What you will do: Each line of the data below between the one containing "Hello everyone, today" and the one containing "Today we want", both included, is to be repeated exactly. Please omit pictures.

[Source data]
=== Section Start ===

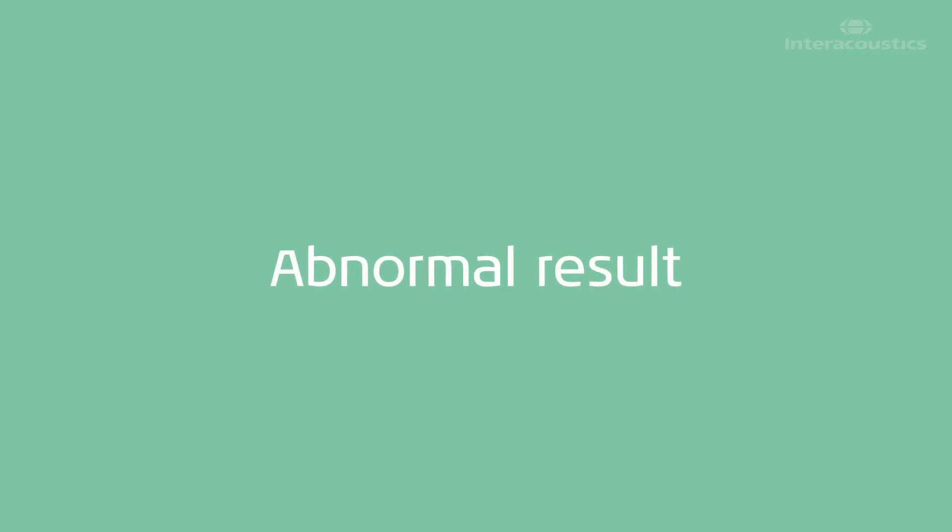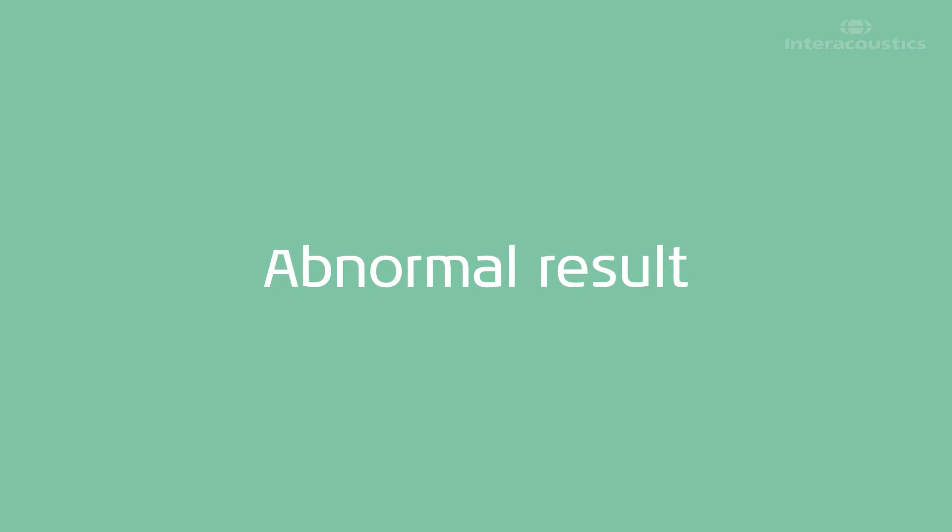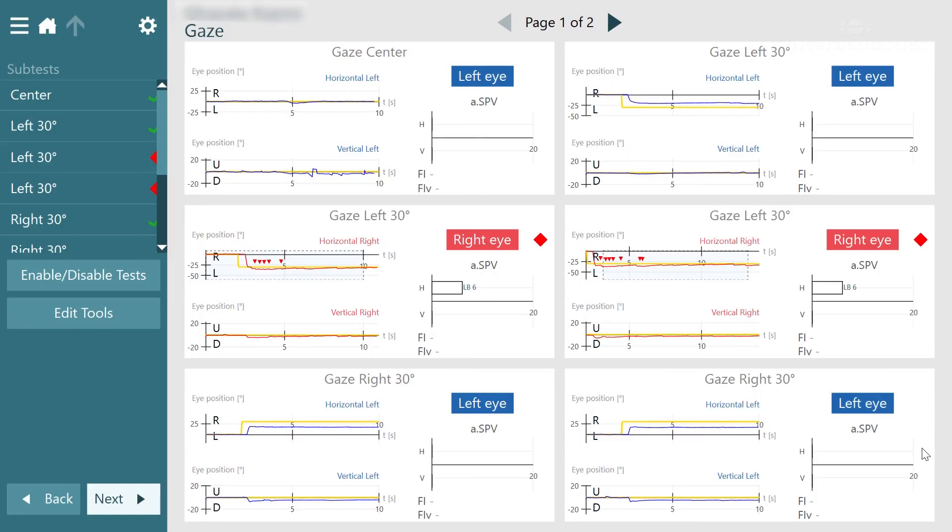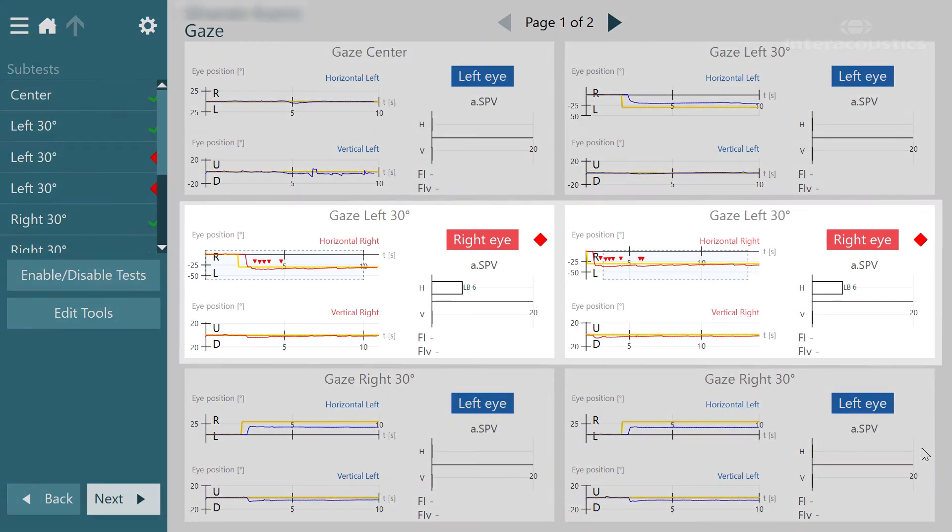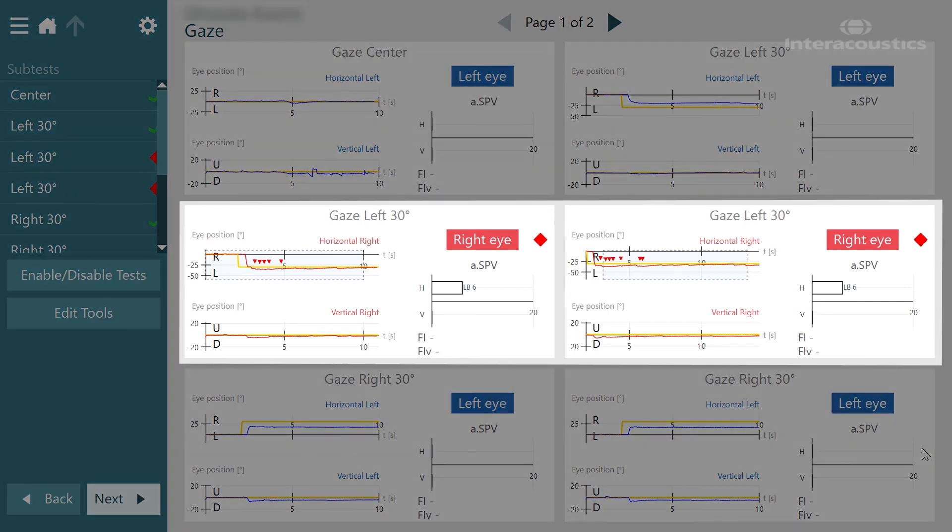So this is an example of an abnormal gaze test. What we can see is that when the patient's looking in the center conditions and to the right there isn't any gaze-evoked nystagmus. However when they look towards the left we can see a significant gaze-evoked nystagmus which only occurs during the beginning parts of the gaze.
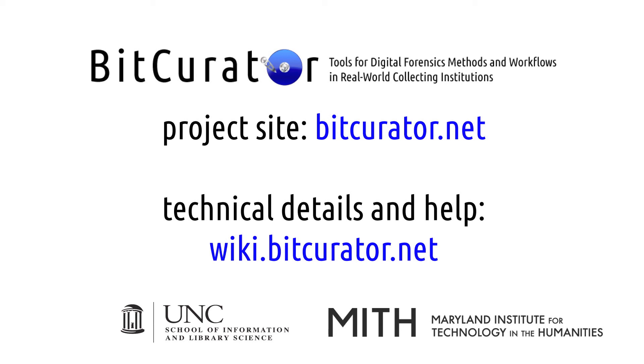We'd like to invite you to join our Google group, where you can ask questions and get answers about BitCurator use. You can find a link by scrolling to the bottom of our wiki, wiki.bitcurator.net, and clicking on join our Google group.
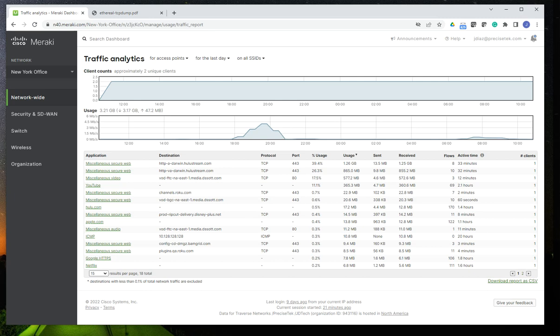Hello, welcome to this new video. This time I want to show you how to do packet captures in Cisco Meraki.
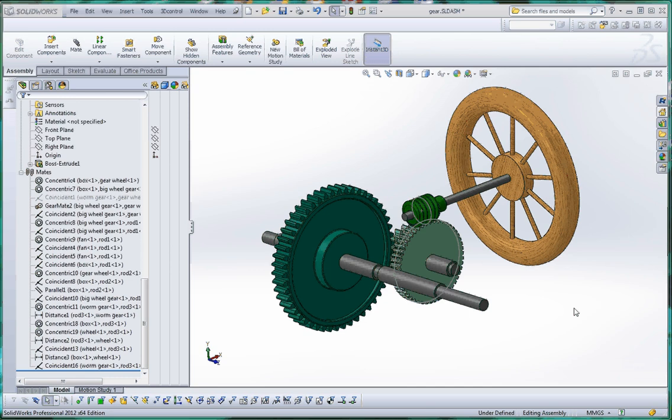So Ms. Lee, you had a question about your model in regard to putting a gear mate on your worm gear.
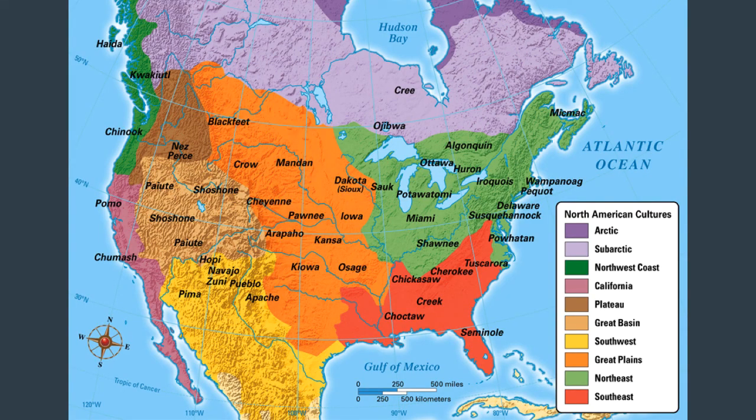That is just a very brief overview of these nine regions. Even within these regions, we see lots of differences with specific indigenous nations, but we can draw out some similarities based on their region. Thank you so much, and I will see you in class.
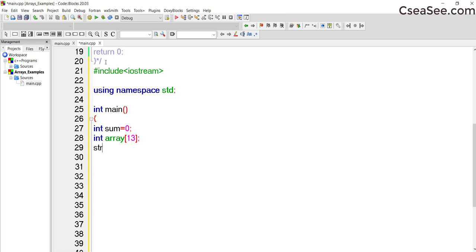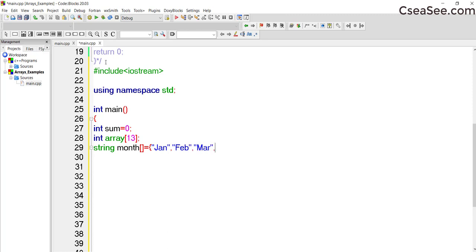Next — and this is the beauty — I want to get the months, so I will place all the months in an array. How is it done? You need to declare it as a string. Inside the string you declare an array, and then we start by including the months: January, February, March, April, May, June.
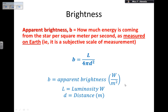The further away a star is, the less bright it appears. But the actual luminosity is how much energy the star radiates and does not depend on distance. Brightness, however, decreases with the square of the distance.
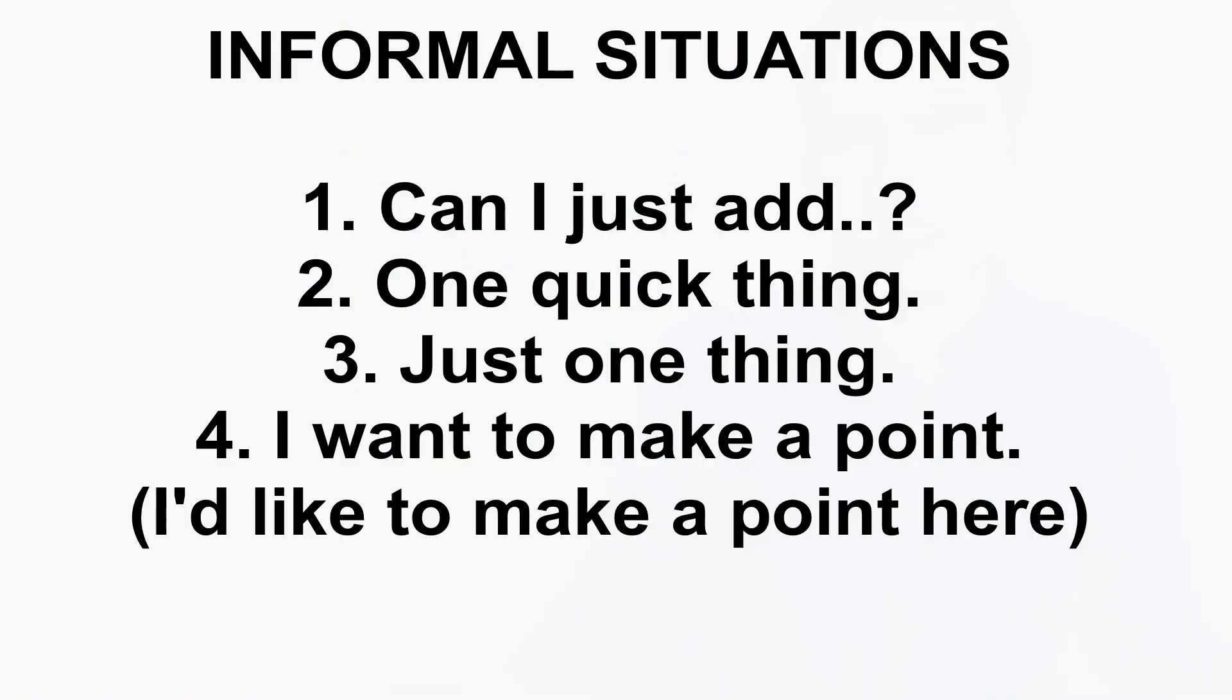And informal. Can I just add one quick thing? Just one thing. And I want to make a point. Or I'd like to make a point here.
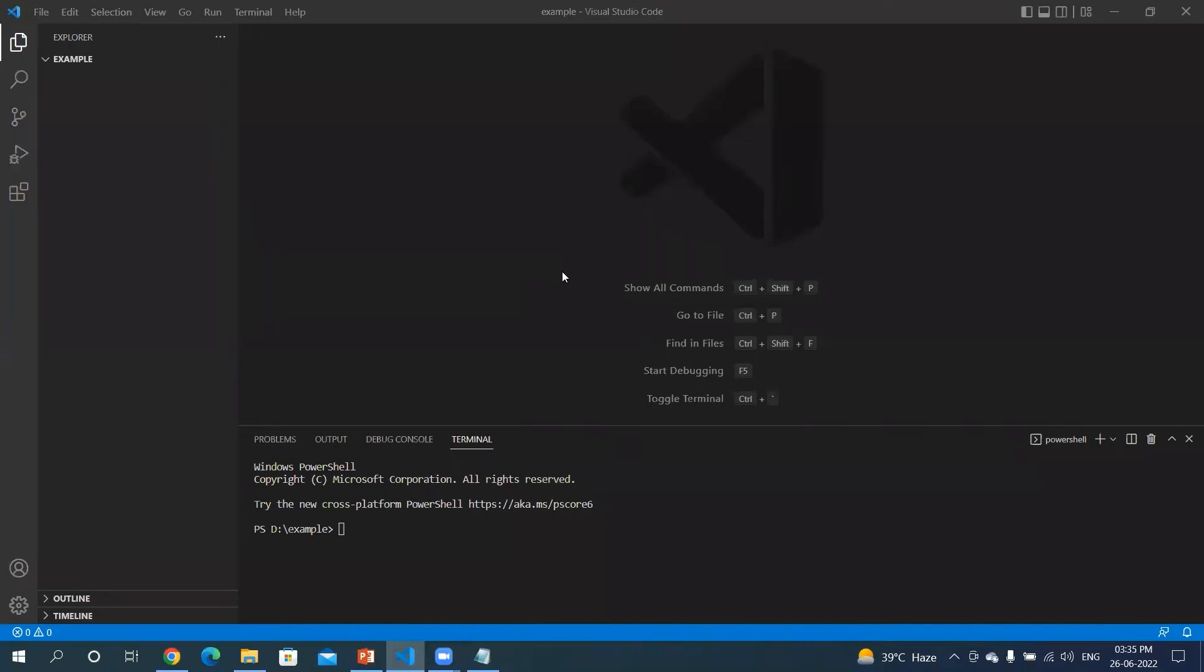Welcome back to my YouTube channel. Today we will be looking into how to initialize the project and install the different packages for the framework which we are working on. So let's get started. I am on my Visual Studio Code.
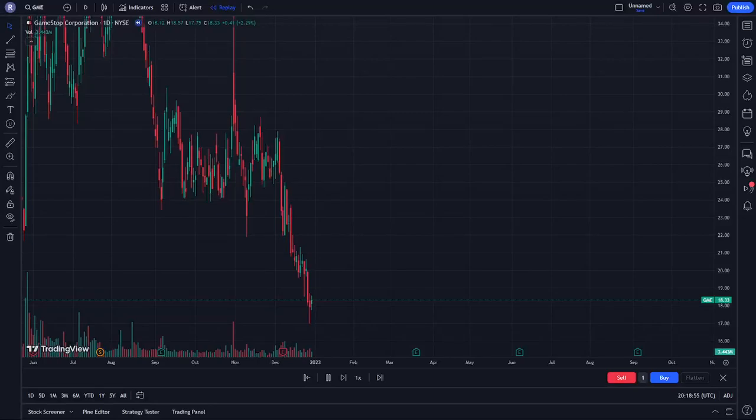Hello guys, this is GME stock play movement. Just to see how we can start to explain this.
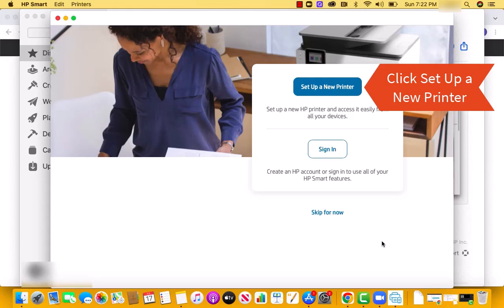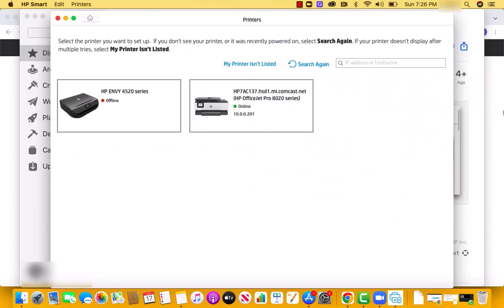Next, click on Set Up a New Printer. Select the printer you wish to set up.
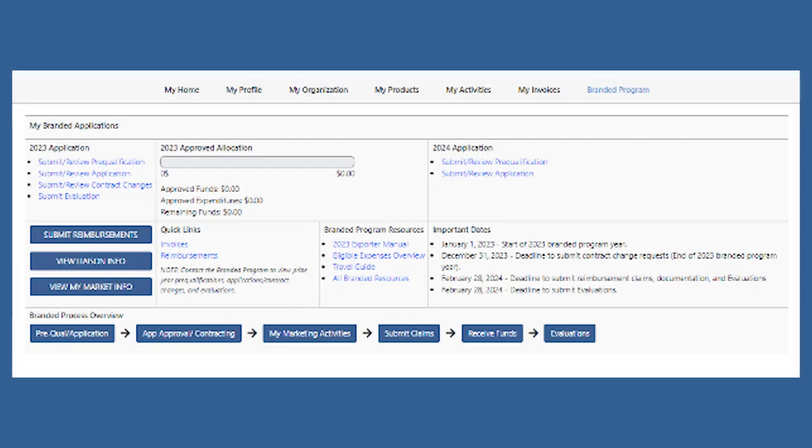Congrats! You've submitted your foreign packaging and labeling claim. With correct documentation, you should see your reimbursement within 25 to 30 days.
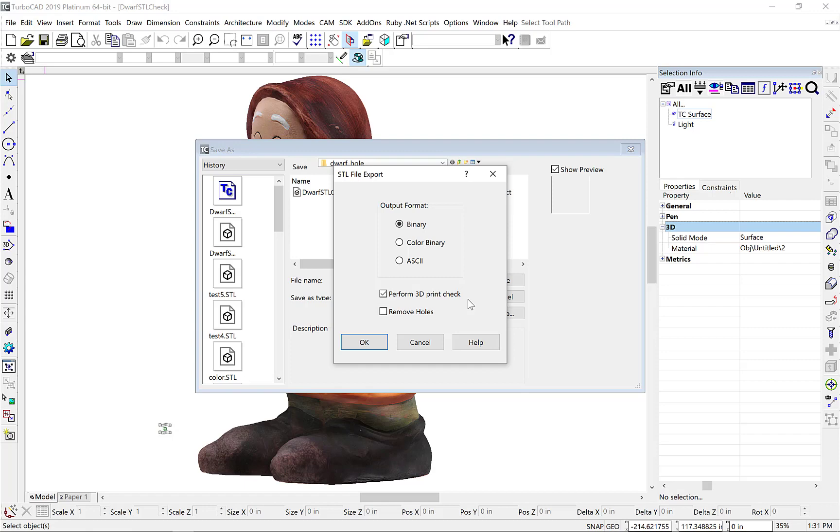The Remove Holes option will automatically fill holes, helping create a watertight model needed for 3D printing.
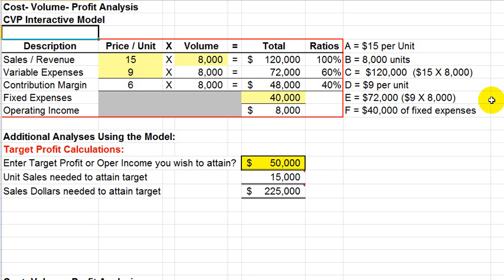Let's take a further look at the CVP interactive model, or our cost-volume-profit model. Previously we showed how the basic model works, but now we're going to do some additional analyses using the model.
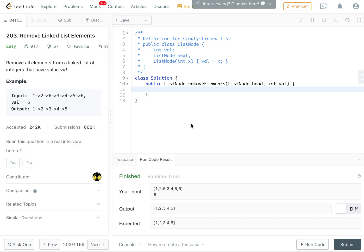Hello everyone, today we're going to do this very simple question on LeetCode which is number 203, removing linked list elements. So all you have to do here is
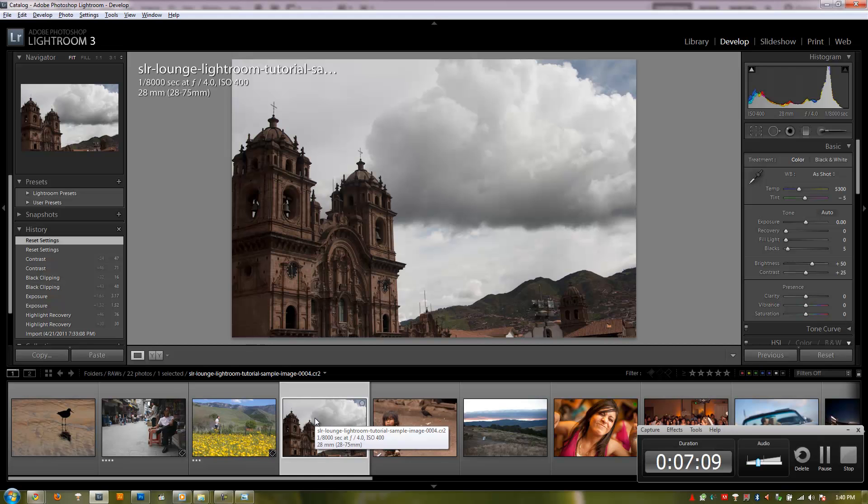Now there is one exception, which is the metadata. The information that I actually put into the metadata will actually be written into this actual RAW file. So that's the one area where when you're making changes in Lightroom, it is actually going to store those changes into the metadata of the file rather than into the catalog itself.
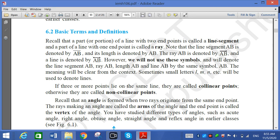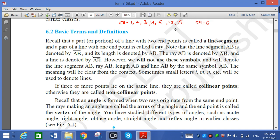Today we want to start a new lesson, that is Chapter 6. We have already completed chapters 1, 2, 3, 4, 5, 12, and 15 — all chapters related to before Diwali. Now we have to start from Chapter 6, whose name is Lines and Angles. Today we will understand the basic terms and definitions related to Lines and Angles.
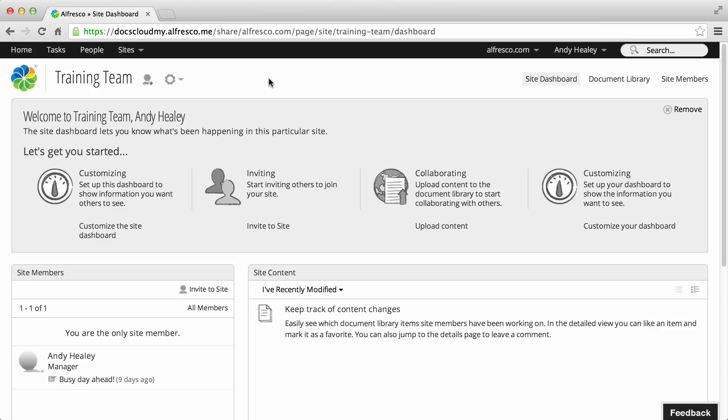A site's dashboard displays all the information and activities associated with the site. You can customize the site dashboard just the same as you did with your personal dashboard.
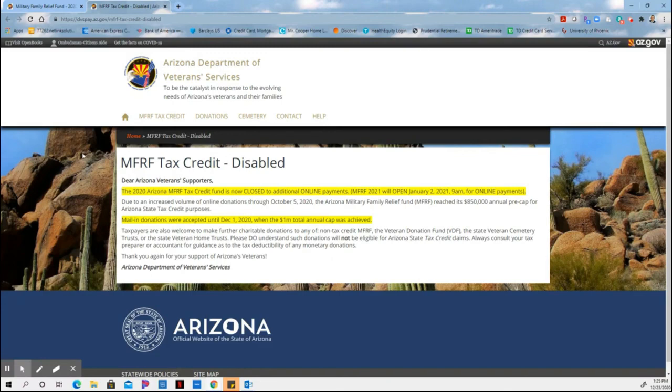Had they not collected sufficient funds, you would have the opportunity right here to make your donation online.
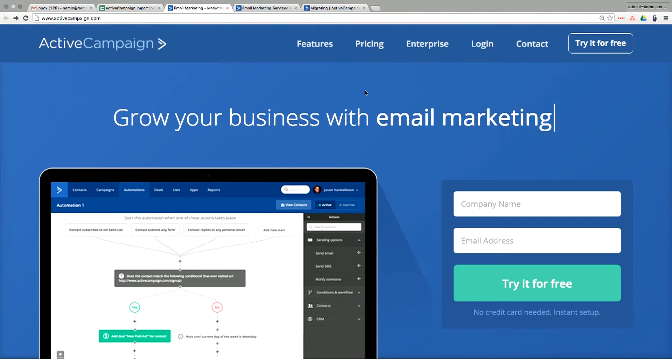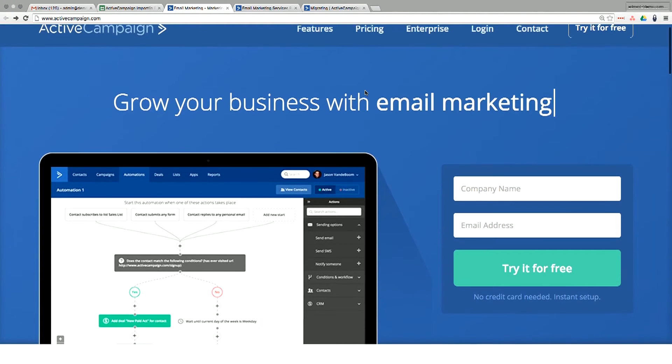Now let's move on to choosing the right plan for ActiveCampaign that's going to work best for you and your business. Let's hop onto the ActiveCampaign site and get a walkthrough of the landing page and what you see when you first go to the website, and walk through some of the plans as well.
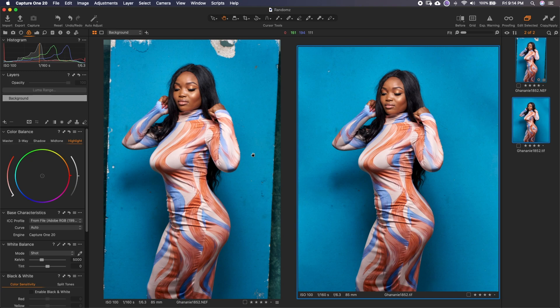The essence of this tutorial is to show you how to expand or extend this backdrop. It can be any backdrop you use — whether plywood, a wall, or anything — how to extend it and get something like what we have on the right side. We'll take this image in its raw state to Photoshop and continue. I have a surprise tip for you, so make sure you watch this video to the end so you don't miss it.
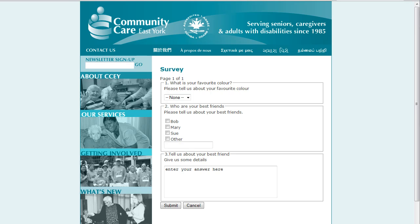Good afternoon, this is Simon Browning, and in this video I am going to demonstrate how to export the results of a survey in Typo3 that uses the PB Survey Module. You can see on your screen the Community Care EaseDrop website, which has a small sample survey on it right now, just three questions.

=== Section End ===

Response to this task:
Hello everyone, today we're going to do this very simple question on LeetCode which is number 203, removing linked list elements. So all you have to do here is
Now there is one exception, which is the metadata. The information that I actually put into the metadata will actually be written into this actual RAW file. So that's the one area where when you're making changes in Lightroom, it is actually going to store those changes into the metadata of the file rather than into the catalog itself.
Today we want to start a new lesson, that is Chapter 6. We have already completed chapters 1, 2, 3, 4, 5, 12, and 15 — all chapters related to before Diwali. Now we have to start from Chapter 6, whose name is Lines and Angles. Today we will understand the basic terms and definitions related to Lines and Angles.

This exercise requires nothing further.